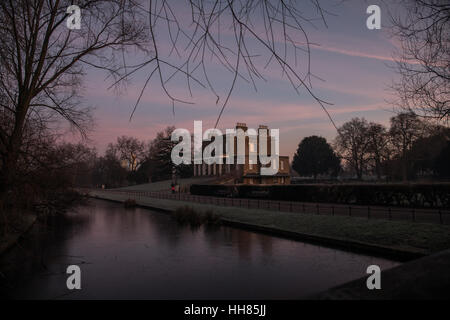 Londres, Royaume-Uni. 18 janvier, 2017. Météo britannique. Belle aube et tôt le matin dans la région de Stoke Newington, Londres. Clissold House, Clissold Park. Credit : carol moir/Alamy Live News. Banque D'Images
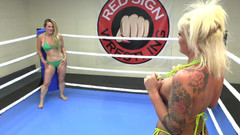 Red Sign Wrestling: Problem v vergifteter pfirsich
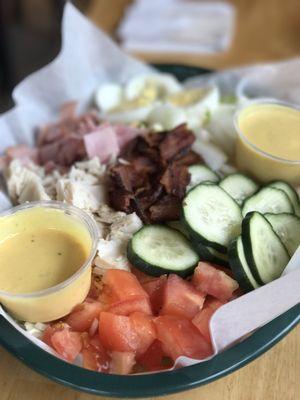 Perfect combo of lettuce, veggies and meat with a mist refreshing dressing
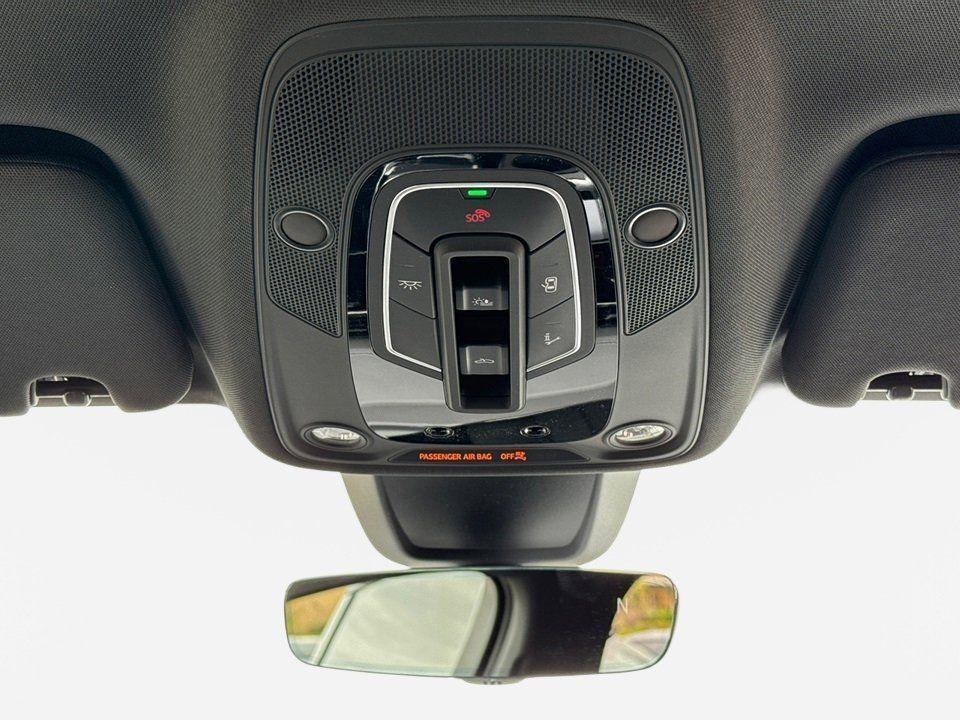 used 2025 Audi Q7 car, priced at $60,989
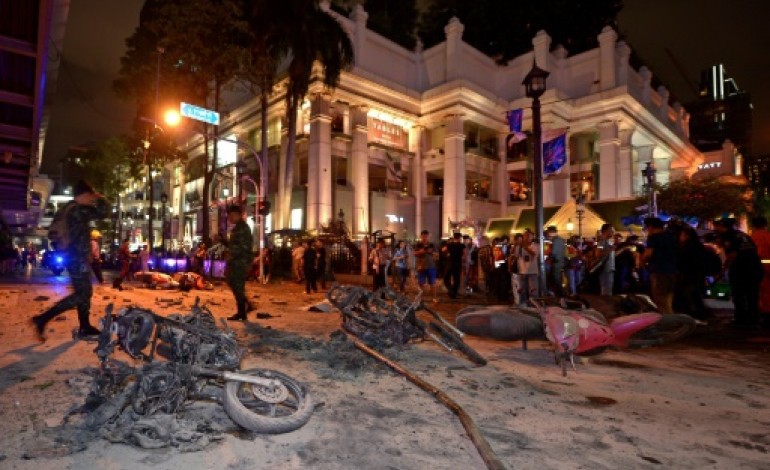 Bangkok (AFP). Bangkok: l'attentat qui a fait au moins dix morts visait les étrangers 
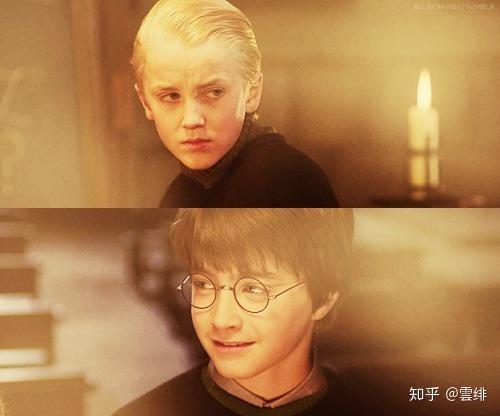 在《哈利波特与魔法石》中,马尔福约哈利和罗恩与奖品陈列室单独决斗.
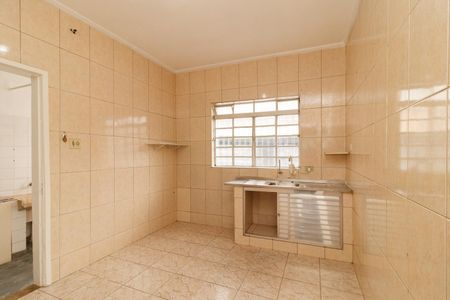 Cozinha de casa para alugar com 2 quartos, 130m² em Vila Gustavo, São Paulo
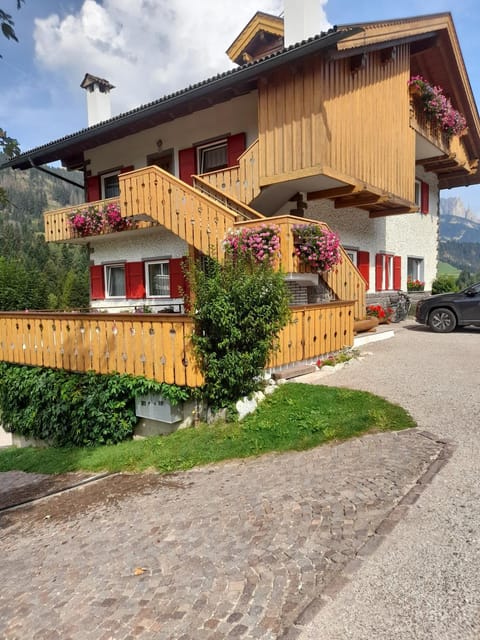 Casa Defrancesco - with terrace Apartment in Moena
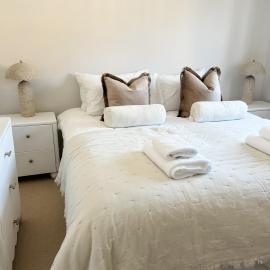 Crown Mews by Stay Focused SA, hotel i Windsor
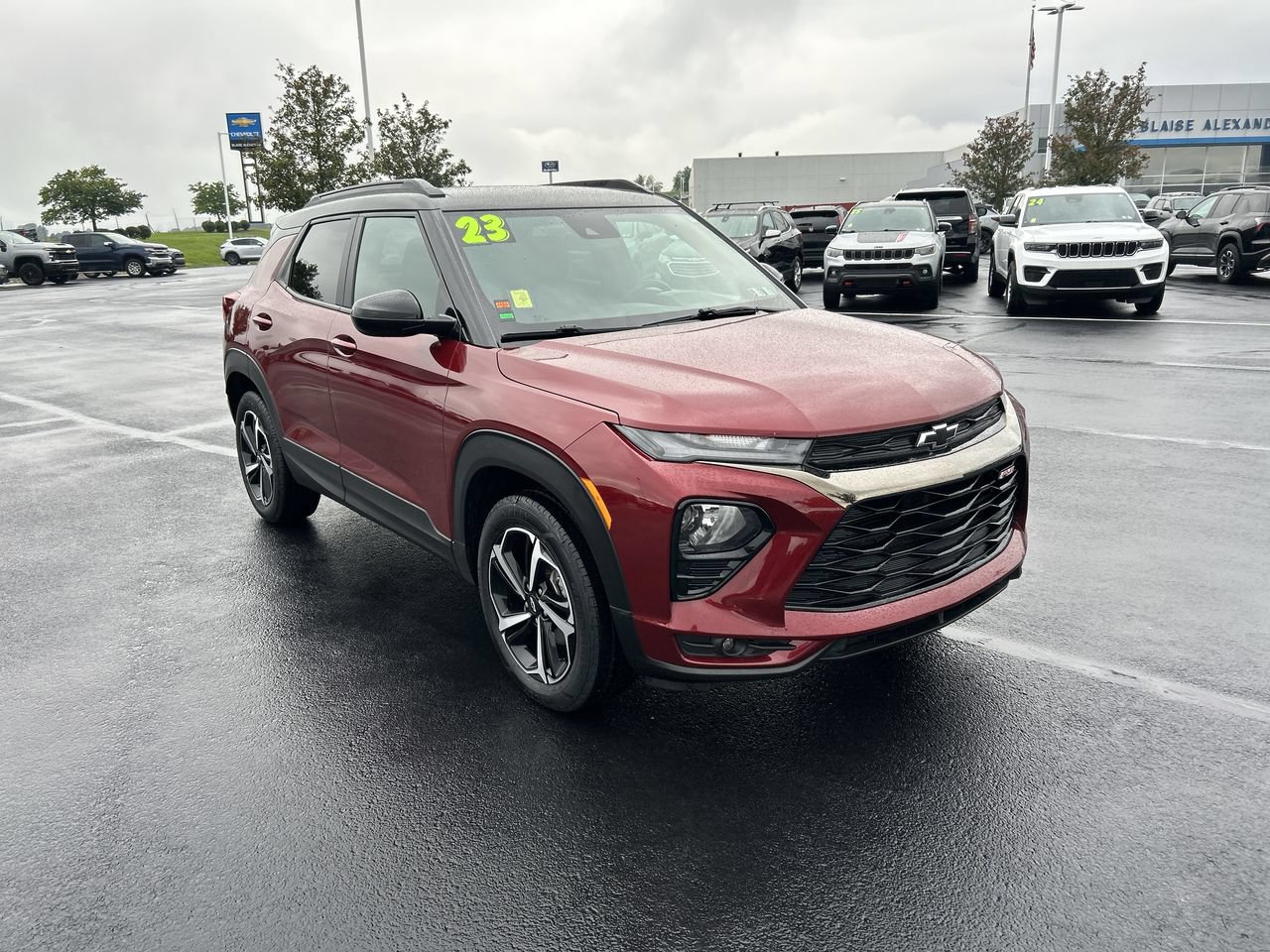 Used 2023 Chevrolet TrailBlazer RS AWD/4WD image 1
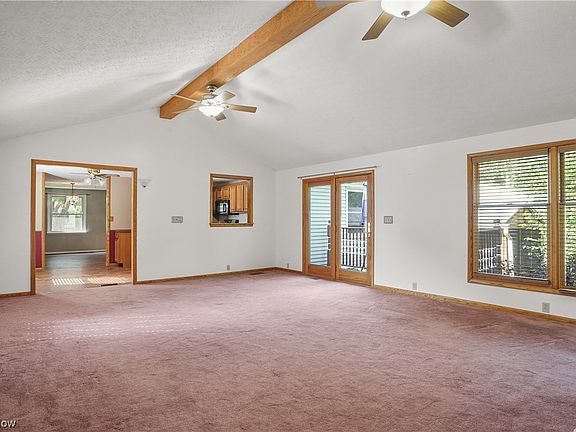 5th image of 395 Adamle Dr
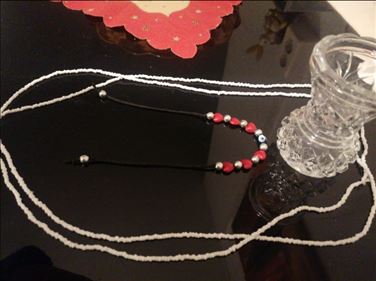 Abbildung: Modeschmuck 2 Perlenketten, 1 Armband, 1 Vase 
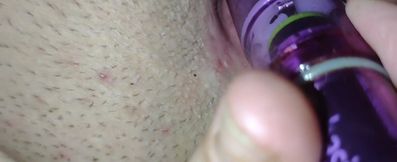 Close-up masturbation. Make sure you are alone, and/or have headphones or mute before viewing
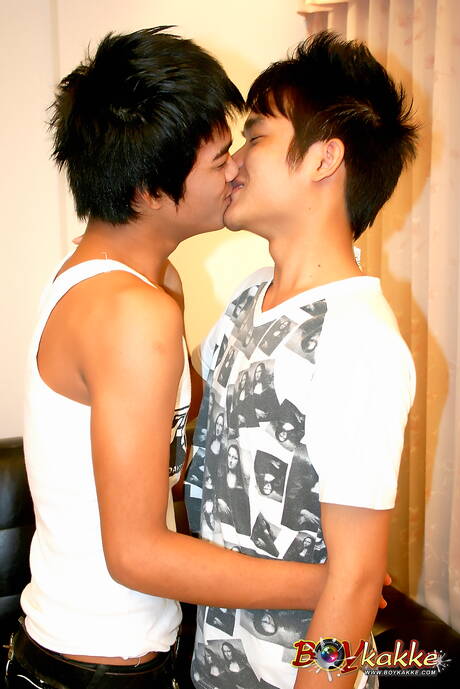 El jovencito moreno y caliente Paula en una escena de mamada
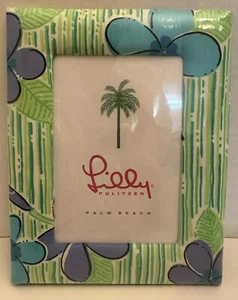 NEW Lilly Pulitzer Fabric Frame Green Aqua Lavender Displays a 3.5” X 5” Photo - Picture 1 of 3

Description of the task: All lines above must be repeated exactly, and the pictures must be omitted.

Reply to the exercise:
 Londres, Royaume-Uni. 18 janvier, 2017. Météo britannique. Belle aube et tôt le matin dans la région de Stoke Newington, Londres. Clissold House, Clissold Park. Credit : carol moir/Alamy Live News. Banque D'Images
 Red Sign Wrestling: Problem v vergifteter pfirsich
 Perfect combo of lettuce, veggies and meat with a mist refreshing dressing
 used 2025 Audi Q7 car, priced at $60,989
 Bangkok (AFP). Bangkok: l'attentat qui a fait au moins dix morts visait les étrangers 
 在《哈利波特与魔法石》中,马尔福约哈利和罗恩与奖品陈列室单独决斗.
 Cozinha de casa para alugar com 2 quartos, 130m² em Vila Gustavo, São Paulo
 Casa Defrancesco - with terrace Apartment in Moena
 Crown Mews by Stay Focused SA, hotel i Windsor
 Used 2023 Chevrolet TrailBlazer RS AWD/4WD image 1
 5th image of 395 Adamle Dr
 Abbildung: Modeschmuck 2 Perlenketten, 1 Armband, 1 Vase 
 Close-up masturbation. Make sure you are alone, and/or have headphones or mute before viewing
 El jovencito moreno y caliente Paula en una escena de mamada
 NEW Lilly Pulitzer Fabric Frame Green Aqua Lavender Displays a 3.5” X 5” Photo - Picture 1 of 3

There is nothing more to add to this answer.